In vielen Bereichen muss nachjustiert werden

„Eine belastbare Prognose der Zugangszahlen für 2024 ist nicht möglich“, sagt Justizministerin Marion Gentges (CDU) unserer Zeitung. Aktuell gebe es allerdings keine Anzeichen dafür, das mit einer „nachhaltigen Trendwende“ zu rechnen sei. Selbst wenn sich die eher konservativen Schätzungen des Bundes im mittelfristigen Bereich bewahrheiten würden, müsste im Südwesten in vielen Bereichen nachjustiert werden.

Laut Justizministerium beträgt die Regelkapazität der Erstaufnahmeeinrichtungen im Land derzeit 6300 Plätze.
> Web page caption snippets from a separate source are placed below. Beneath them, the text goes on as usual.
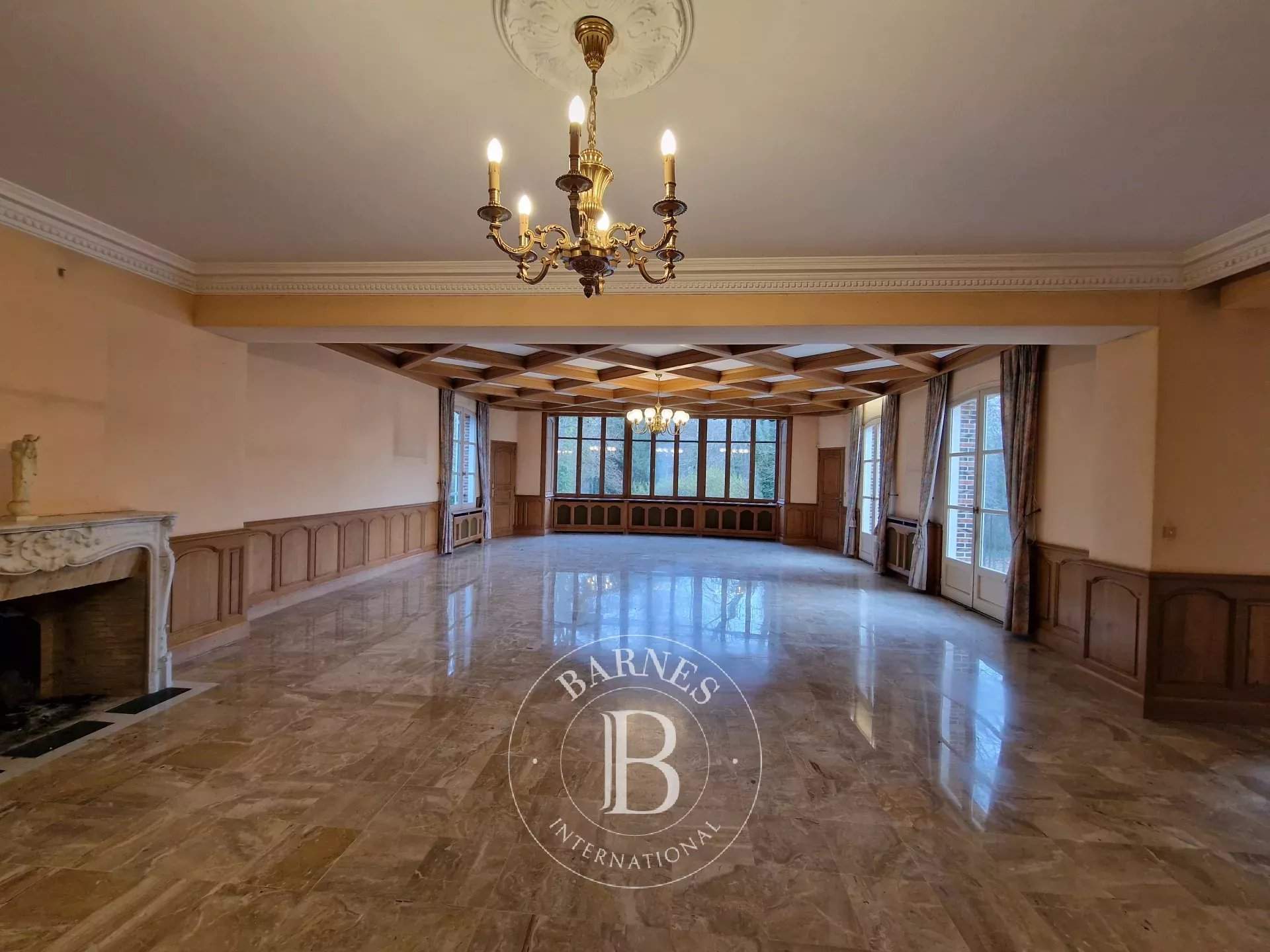 Poigny-la-Forêt  - Maison 13 Pi&egrave;ces 6 Chambres - picture 4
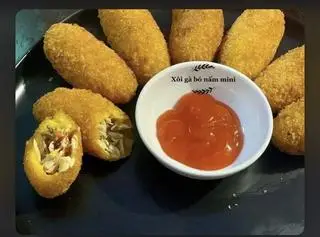 Hình ảnh gà nó xôi phần 2 cục to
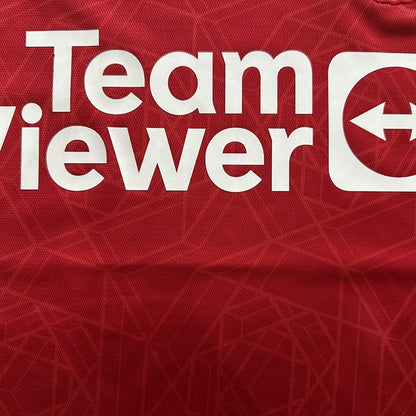 Jersey Manchester United 2023-24 Local rojo, foto 6 de 7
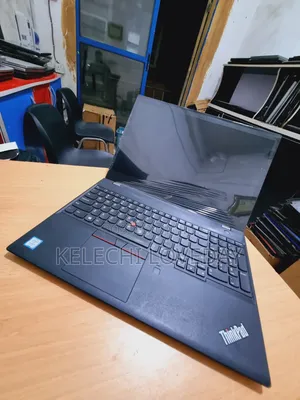 Lenovo ThinkPad T580 Laptop - 16GB RAM, 256GB SSD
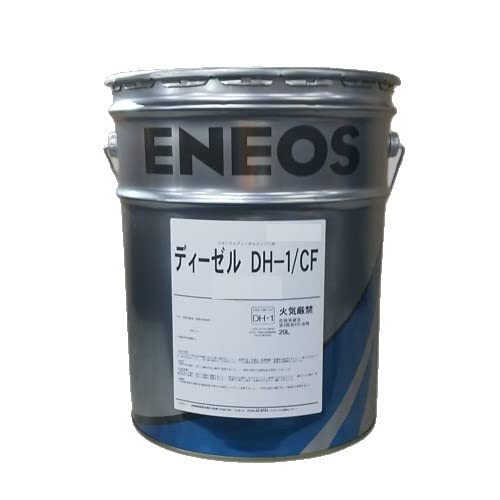 エネオス ENEOS X ディーゼル 5W-30 DL-1 20L (車用エンジンオイル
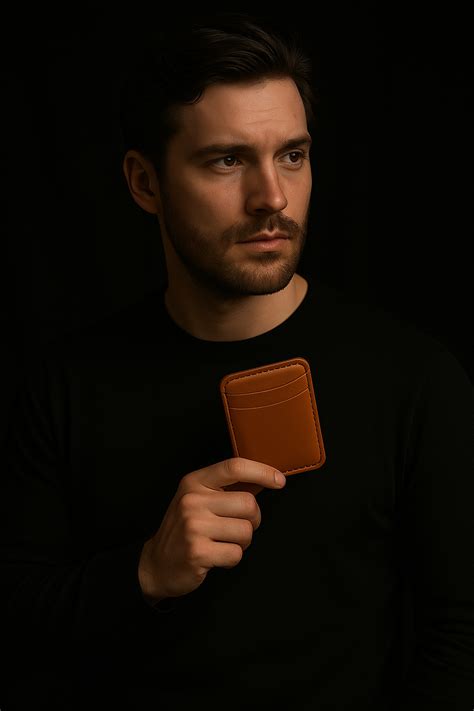 Empaelle Card Holder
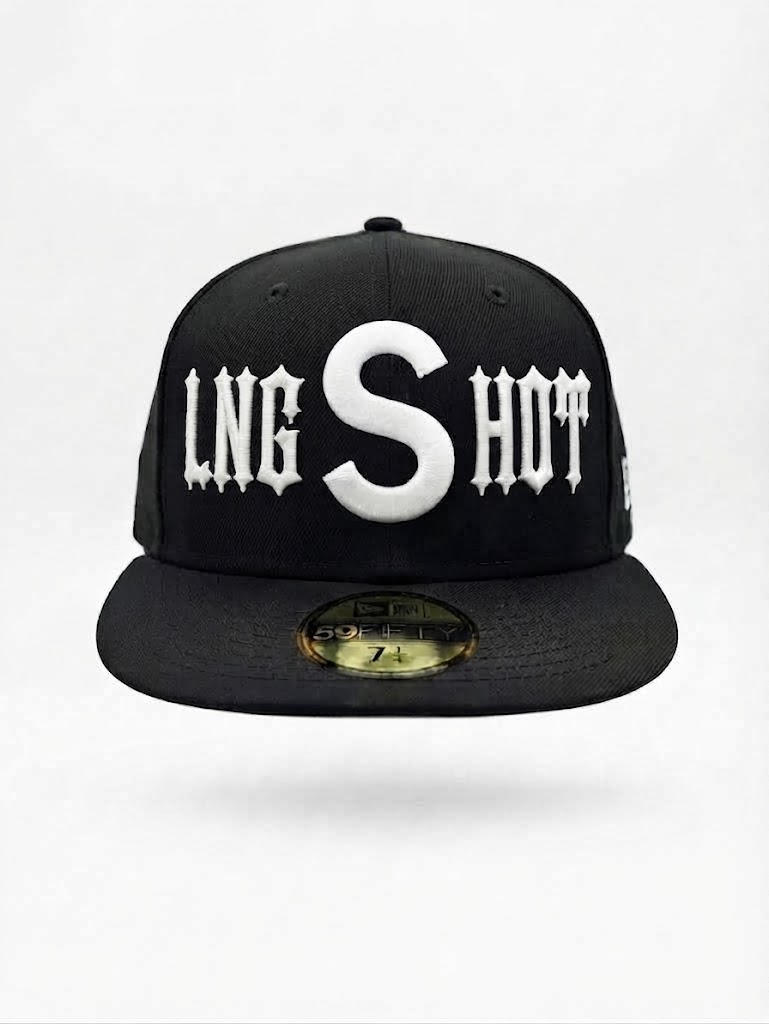 Black Cap｜Embroidered  supreme style Baseball Custom Cap Hat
Wenn man nicht dauerhaft auf Sport- oder Messehallen zurückgreifen will, seien rund 9000 weitere Plätze nötig, sagt Gentges. Dabei werde zugrunde gelegt, dass die Menschen im Schnitt fünf Monate in den Aufnahmeeinrichtungen bleiben. Nicht nur in Waldkirch und Bruchsal, in Ludwigsburg und Pforzheim schaut das Ministerium daher intensiv nach möglichen Standorten – meistens nicht gerade zum Vergnügen der entsprechenden Kommunen. Die Justizministerin hatte daher unlängst erklärt, dass auch Standortentscheidungen ohne das Einvernehmen der Kommunen getroffen werden könnten.

Keine gute Nachrichten für die Kommunen

Nicht besser wird die Situation dadurch, dass sich der Bund im kommenden Jahr nur noch mit 1,25 Milliarden Euro an den Kosten beteiligen will, die Kommunen durch die Flüchtlinge aufbringen müssen. In diesem Jahr kamen aus Berlin noch 3,75 Milliarden. Die Ankündigung der Kürzung kam noch bevor das Bundesverfassungsgericht die Haushaltspolitik der Ampel-Koalition verurteilte – aus Sicht der Kommunen ist das keine gute Nachricht. Doch mit den Zahlen ist das so eine Sache. Der mittelfristige Finanzplan des Bundes sieht in diesem Jahr 27,6 Milliarden Euro an Kosten für Flüchtlinge vor, in den nächsten drei Jahren soll die Summe immer kleiner werden. Faktisch reicht das Geld aber schon 2023 nicht aus, ob die Zahlen der Flüchtlinge im kommenden Jahr wirklich so sinkt, dass die Finanzplanung wieder stimmt, steht in den Sternen.